1 Rodney Graham quoted in Steiner, Shepherd ‘In the studio with the gifted amateur – Rodney Graham practices
painting’, Modern Painters, March 2007
2 Bélisle, Josée, ‘Brilliantly Paradoxical Work’, in Rodney Graham, Musée d’art contemporain de Montréal, 2007
Inverted Drip Painting, #1 – #8, 2007, continues the artist’s exploration of
abstract painting tropes. The use of parallel sequential strips of pure undiluted
colour refer to Graham’s fascination with the American abstract expressionist
painter Morris Louis, whose work amongst others has been deeply interested
him during the last decade. In ironic reference to the originals, Graham’s paintings
are hung upside-down, against the gravitational direction of the flow of paint.
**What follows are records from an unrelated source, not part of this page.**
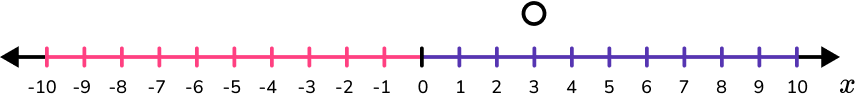 Inequalities on a Number Line image 1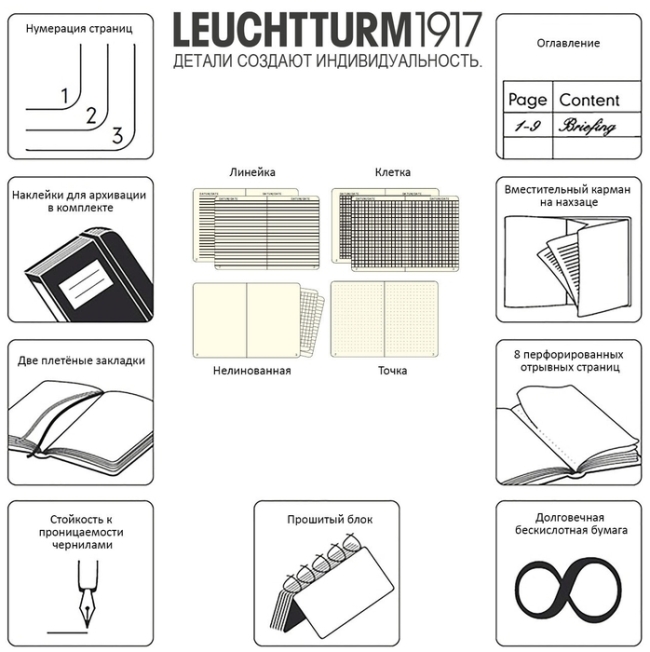 Блокнот Leuchtturm1917 Bauhaus Edition A5 (14.5x21см.) 80г/м2 - 251 стр. в синюю точку, твердая обложка, цвет: Красный Блокнот Leuchtturm1917 Bauhaus Edition A5 (14.5x21см.) 80г/м2 - 251 стр. в синюю точку, твердая обложка, цвет: Красный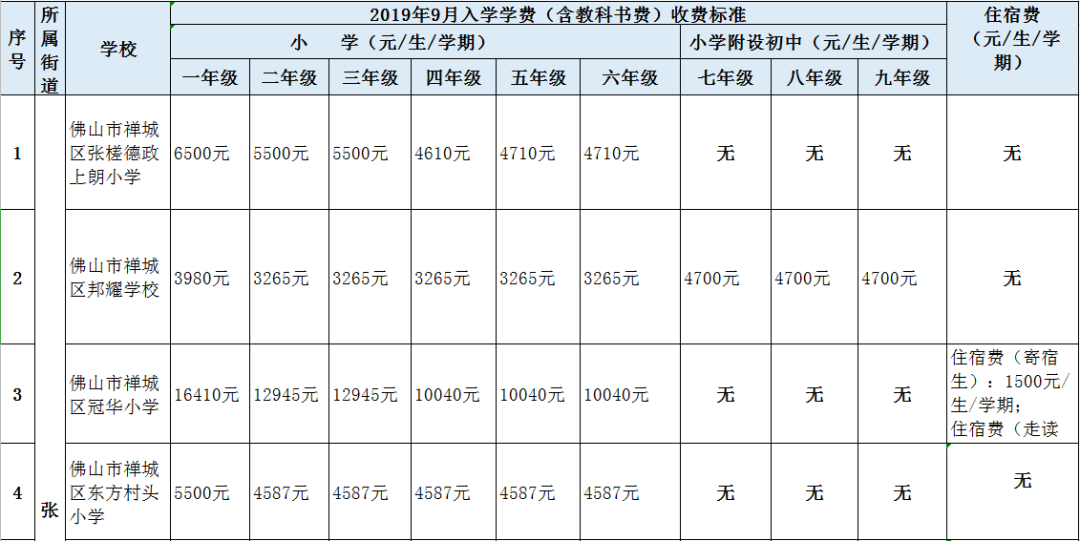 2019年南海区人口_南海区地图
Circularity and self-reflexivity are recurring strategies in Graham’s work and in
The Gifted Amateur, Nov.10th, 1962, 2007, a three-part lightbox, the artist takes
on the persona of a painting dilettante. Graham is standing in his pyjamas, intent
on pouring paint on a large stretched canvas in the manner of abstract
expressionism. The setting is a spacious west coast modernist living room, the
subject of many Architectural Digests. The highly detailed photograph weaves
together multiple references, showing Graham surrounded by stacks of artist
monographs and scattered newspapers protecting the wooden floor, whose
titles and dates are clearly readable, placing the image at a precise historical time.
The catalogue “Wet on Wet – My Late Early Styles”, takes its title from a series of
recent heavy impasto abstractions, also displayed as part of the exhibition. The
paintings re-discover classical modernist tropes without obvious irony. The
catalogue, hardback with 12 colour plates, is published by Lisson Gallery on the
occasion of the exhibition and is distributed by Walther Koenig.
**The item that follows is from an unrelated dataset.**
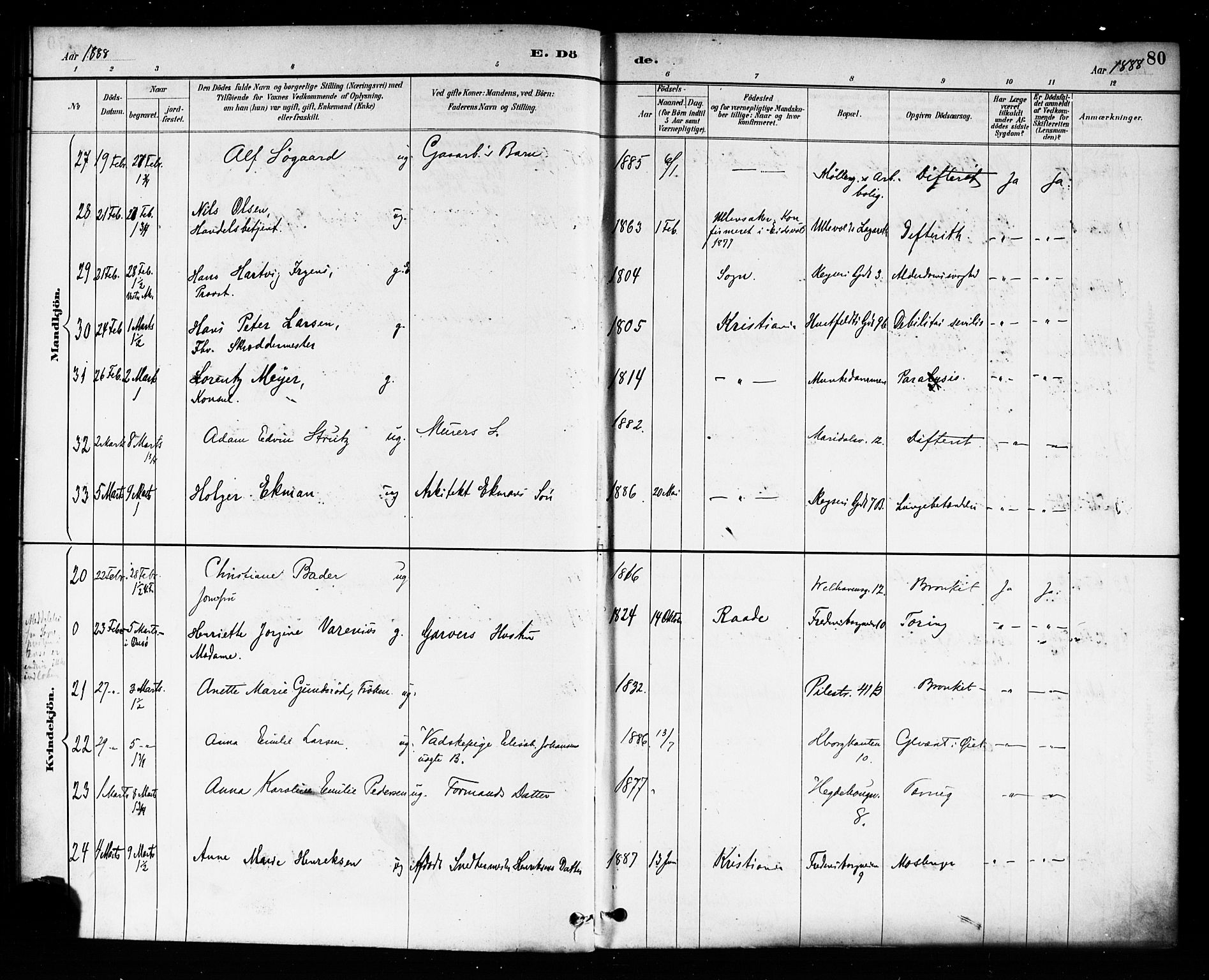 Trefoldighet prestekontor Kirkebøker, AV/SAO-A-10882/F/Fd/L0003: Parish register (official) no. IV 3, 1885-1896, p. 80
The Rodney Graham Band will be releasing their new album “Why Look for Good
Times?” this October. Copies of the record are available at Lisson Gallery on
request.
Rodney Graham was born in 1949 in Vancouver, where he lives and works.
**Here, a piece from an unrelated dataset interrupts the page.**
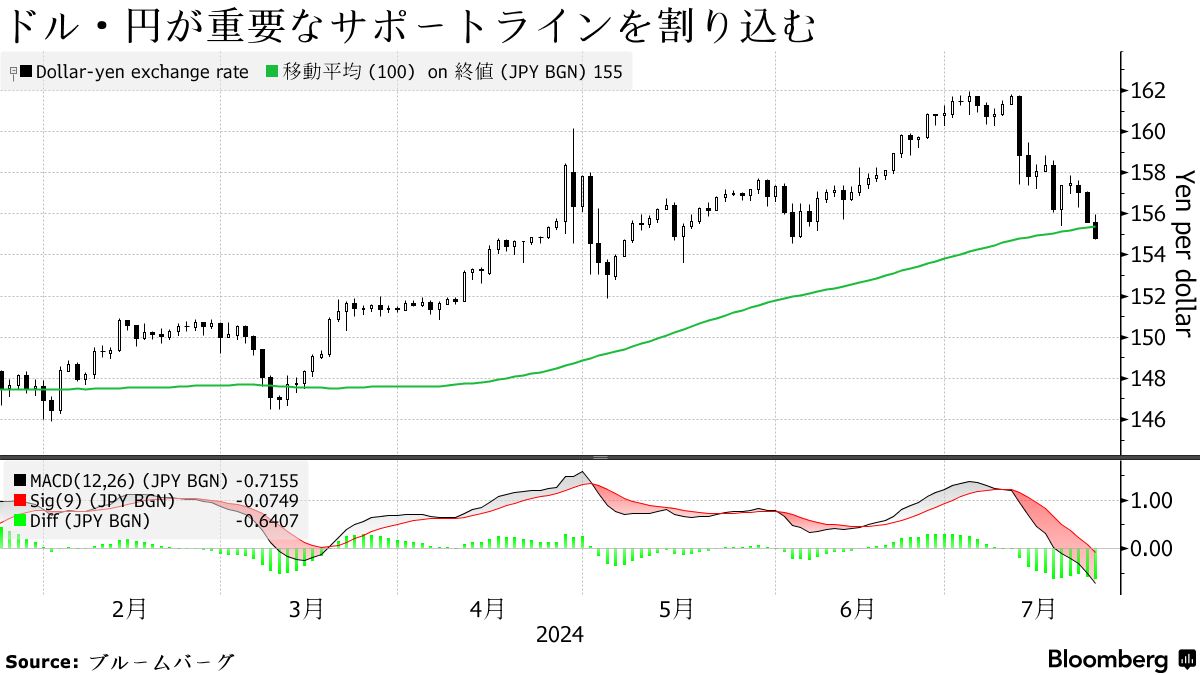 加速する円高、重要水準突破し世界的キャリートレード巻き戻しを主導 - Bloomberg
Graham’s work can be found in a number of public collections worldwide,
including the Museum of Modern Art, New York, the Centre Georges
Pompidou, Paris, and the Metropolitan Museum of Art, New York.Solo
exhibitions include a retrospective (2004-05) that toured venues including
MoCA, Los Angeles, ICA, Philadelphia and Vancouver Art Gallery; BaWAG
Foundation, Vienna (2007); Sprengel Museum, Hanover (2006); Bergen
Kunsthalle (2006); Musee d’art Contemporain de Montreal (2006); K21,
Dusseldorf (2003); Whitechapel Art Gallery, London (2001); Hamburger
Bahnhof, Berlin (2001). He has participated in landmark exhibitions, representing
Canada at the Venice Biennale in 1997, and exhibiting at documenta IX in 1992
and at Sculpture Project Muenster in 1987.